How To Set Up A Website Navigation Menu
When you go about setting up a website for your freelance consultancy business or your new start up business venture, you'll need a site with a clear website navigation bar.
Of course, that goes without saying. You can't be in business today without one. So, in our series on how to set up a successful website, let's take a look at some Navigation Rules for mapping out your website.
Use these top rules to develop a simple and consistent navigation map:
- Think and plan pages in a logical order
- Write out a few simple navigations to get into the swing of things and see how it works e.g. does a vertical navigation menu or a horizontal menu offer ease of access to pages?
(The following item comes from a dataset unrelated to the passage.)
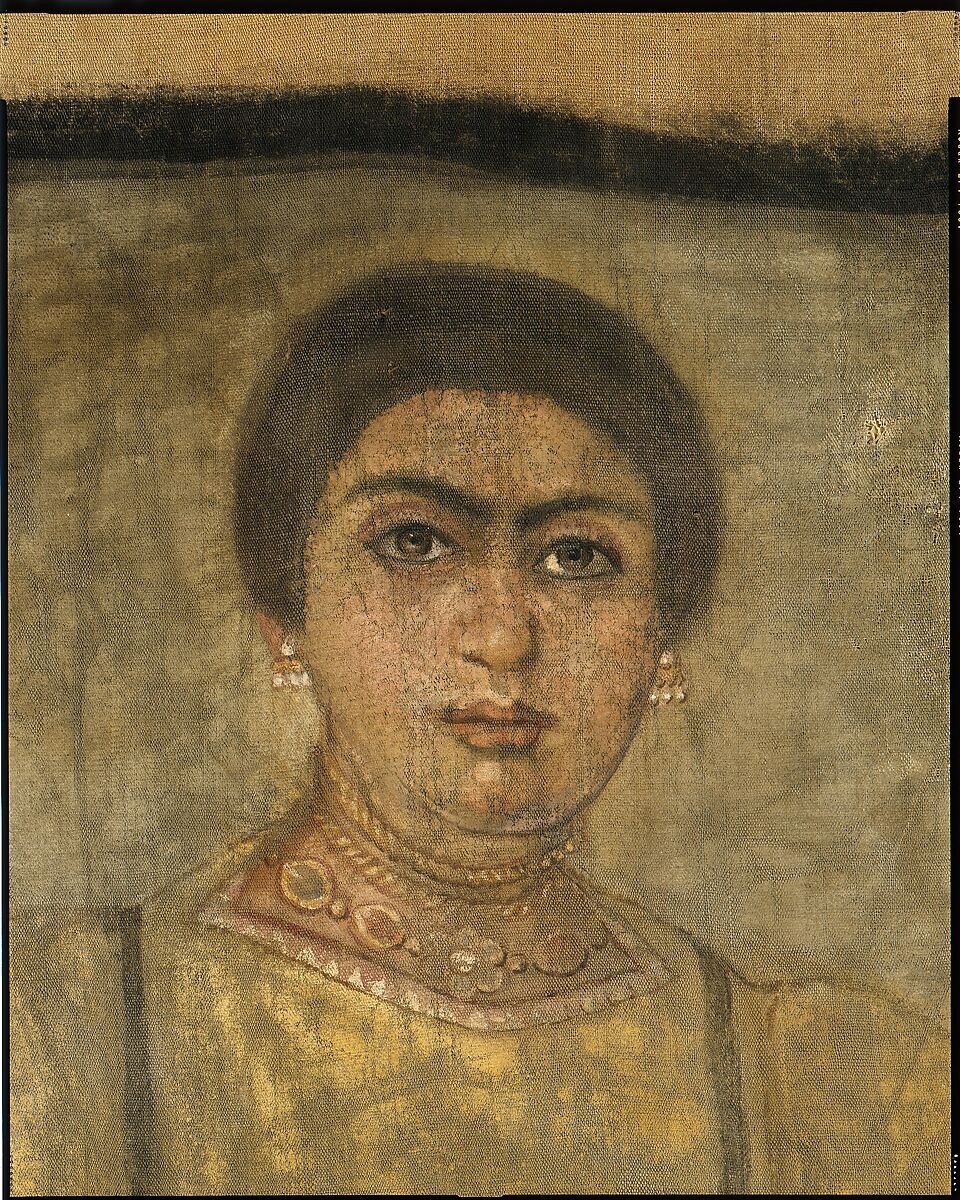 Shroud of a Woman Wearing a Fringed Tunic, Linen, paint (tempera)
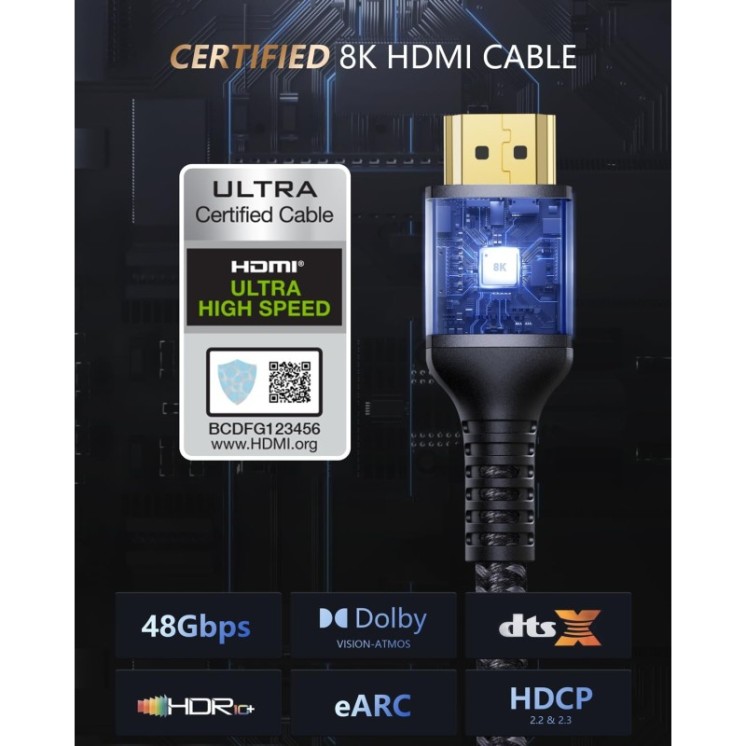 Stouchi 7.5m 8K HDMI 2.1 Cable - Ultra High Speed 48Gbps 4K 120Hz HDR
- Check other sites for the best and worst navigation maps
- Keep your ‘Calls to Action’ visible and easy to find
- Links must be clear as well as the words you use to link
- Images that the user clicks on must be concise and relevant to the information they are leading to
- 5 – 8 main headings are ideal, more can be cluttered
- Keep the text headings short and simple
- Website navigation bar buttons, branding graphics and logos must be in the same place on all of your site pages
- Graphics and images increase the download time so avoid over use of these for navigation
- Ensure it is easy to find info or your visitors will bounce away
- A site map and a search box will help if they get stuck
- Use quick links as locators for content
- Use hyperlinks in your text, carefully sprinkled with keywords (more on this in Pimp My Site) to provide easy access to related pages
- When you put yourself in your visitors’ shoes, try to anticipate what information they will need next and ensure that your navigation flows easily from page to page
- Use the ‘three click rule’, which is exactly that – three quick and easy clicks to get to any important page on your site. I know this is not always possible, but keep it in mind to get as few clicks as possible to important areas
- Use your postcard system or produce a diagram that shows the structure and logic behind the content, presentation and navigation
- Start with a skeleton of the main areas, building up your stick figure with pages of content. This is easily changed as you research and muse more on your navigation map
- Consider using an iMind Map for your navigation, go back and look at my example under brainstorming
- Include a news page or media room – more on this in the PR and Free Publicity Resources.
- Large sites use breadcrumbs- find out what breadcrumbs are.